Although he soon attracted the notice of gentlemen whose munificence and generous patronage enabled him, both at school and college, to gain access to the immunities of learning, and although he consequently enjoyed, in this respect, privileges considerably above some others, who have excited a similar display, of talent in early youth, he, before he was scarcely conscious of his own superiority, gave signs of imagination and sentiment at once vigorous and fertile. For an individual who had scarcely completed his 21st year, his literary attainments, amidst the multiplicity of other avocations, were truly extraordinary.
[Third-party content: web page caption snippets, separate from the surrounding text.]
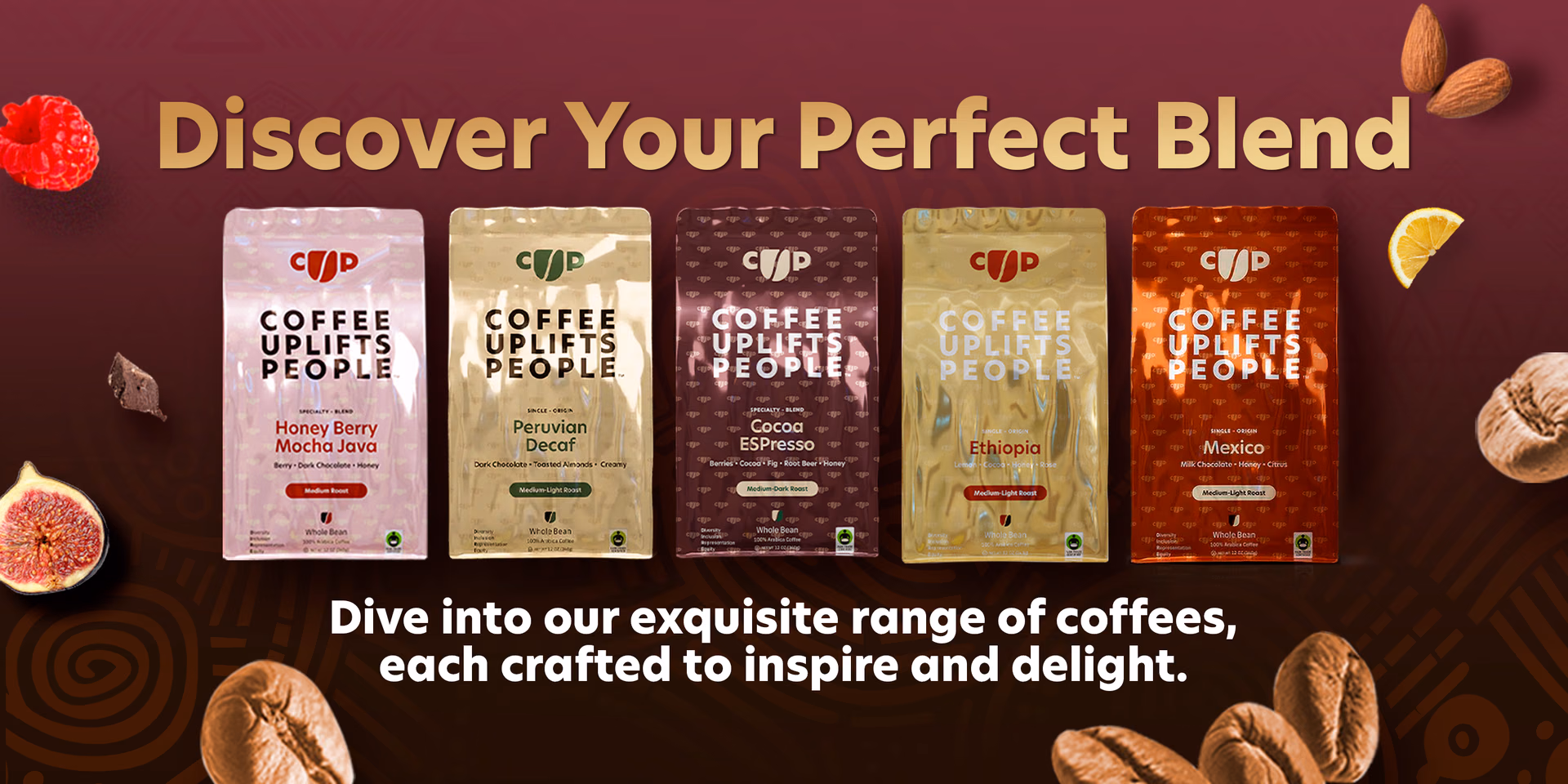 Coffee Uplifts People — Home Page / Storefront, composition 8, panel 1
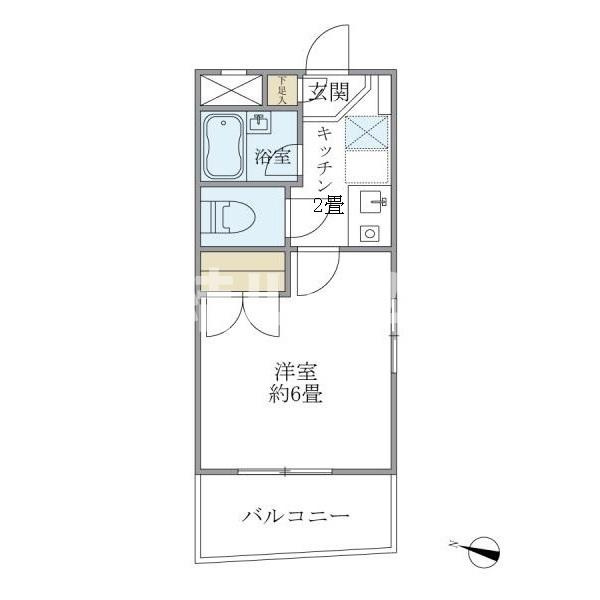新宿区中落合３丁目の賃貸マンションの間取り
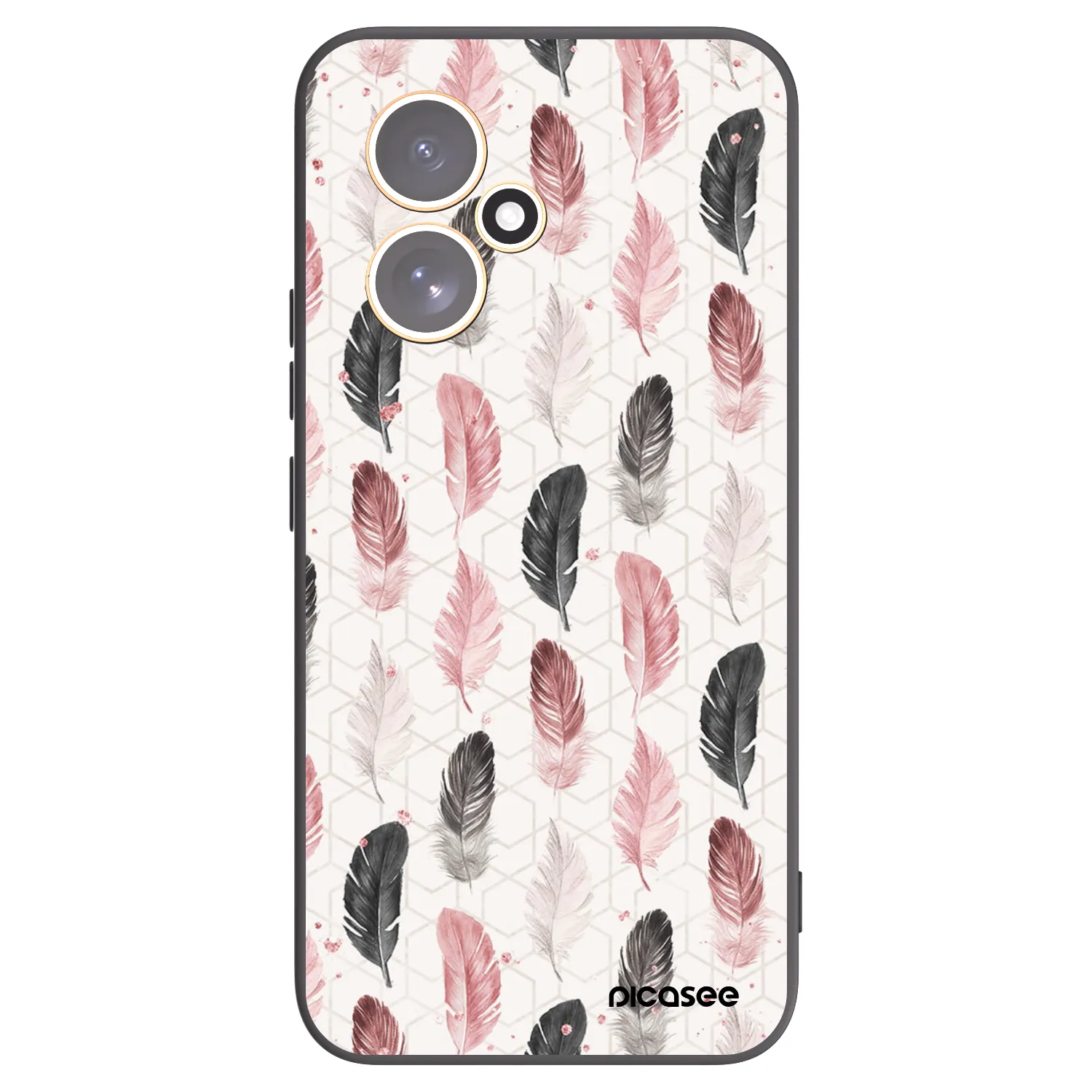 Picasee Honor 400 5G Hülle - Schwarzes Silikon - Feder 2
The ardour of acquiring knowledge of a multifarious kind, connected with arts and with science, was as conspicuous as the native lustre and brightness of his genius. His genius alone, however, unaccompanied by his indefatigable perseverance, would have rescued his name from oblivion, and enrolled it in the list, of literary worthies. — Possessing a fine and impassioned mind, alive to the tender susceptibilities of our natures, — that could be wrought upon by the ills which afflict life, he was at the same time capable of severe thought, and a high range of lofty and sublime disquisitions. Rising with the generous ardour of inspiration to the melody of numeral composition, the flow of his numbers, and the sweetness of his modulation, seems only the genuine language which nature spontaneously suggests for the utterance of his sentiments, — not the language of painful study, — that has been subject to elaborate correction. His Poems, in general, indicate a fervour of feeling, and a tone of thinking, a talent for imagery, and at the same time for grave and deliberate discussion, which decidedly place their author upon a rank with some of our most admired Poets, especially when it be considered that, had not the stroke of death cut short his mortal career, his powers would have expanded to a more correct standard of thinking, and a more powerful display of intellectual vision, than can be said to be indicated among his posthumous lucubrations.
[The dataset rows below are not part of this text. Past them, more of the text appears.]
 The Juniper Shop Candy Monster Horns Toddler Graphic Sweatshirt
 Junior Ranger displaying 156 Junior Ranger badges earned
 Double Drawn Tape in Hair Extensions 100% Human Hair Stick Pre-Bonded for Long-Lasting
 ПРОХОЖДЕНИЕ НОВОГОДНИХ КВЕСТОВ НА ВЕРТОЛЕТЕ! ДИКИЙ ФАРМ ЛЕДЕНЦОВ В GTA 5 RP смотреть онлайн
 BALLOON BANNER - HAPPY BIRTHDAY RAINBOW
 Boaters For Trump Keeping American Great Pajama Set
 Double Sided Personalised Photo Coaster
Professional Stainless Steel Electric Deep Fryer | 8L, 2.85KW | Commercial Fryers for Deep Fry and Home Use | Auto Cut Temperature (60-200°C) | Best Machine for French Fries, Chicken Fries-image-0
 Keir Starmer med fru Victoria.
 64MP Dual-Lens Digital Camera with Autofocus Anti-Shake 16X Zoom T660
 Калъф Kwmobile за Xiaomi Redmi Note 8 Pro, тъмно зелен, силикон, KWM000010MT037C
His is not the cold unanimated eloquence of the florid declaimer, incumbered with a weight of learning; his speculations rather abound with pathos and tenderness, generally tinged with a certain soft melancholy, (the natural consequence of his peculiar case, operating upon a piously disposed mind,) accompanied withal, with a richness and play of fancy which pleases the taste, while it reaches the heart.

To these high endowments of nature, heightened by industry, Kirke White eminently superadded others of a still more estimable nature; that is, he was characterized by the purest moral and religious principles, — his writings delineate a heart grateful for the blessings, and devoted to the praise of his Maker, and imbued, alike, with sentiments of benevolence towards all mankind, — qualities which are, by no means, the constant attendants upon a bright association of the intellectual endowments.
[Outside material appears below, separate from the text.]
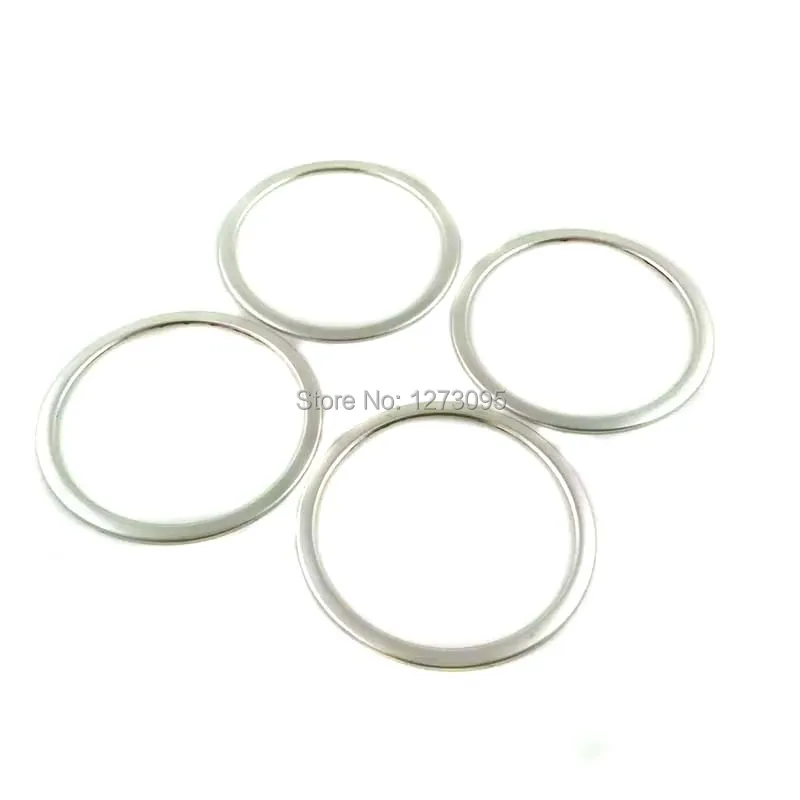 

For BMW X1 2016 Stainless Door Stereo Speaker Ring Frame Cover Interior Audio Protector Cover Sticker Car Styling Accessories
The quotations which follow may be said, in some degree, to illustrate the truth of these remarks. The reader, whilst perusing the "Remains" of this deeply-to-be-lamented youth, will find himself in a pleasing wilderness of Poetry, abounding with beautiful images, — with noble and tender sentiments; — but if he more critically analyze the complexion of his Genius from his writings, he will find that it partook alike of the tender and pathetic in description, — of the light and sportive play of fancy, — of a talent which delighted to lose itself in high and abstract speculations, — and of the ardent enthusiasm of the Poet of deep feeling and glowing imagination.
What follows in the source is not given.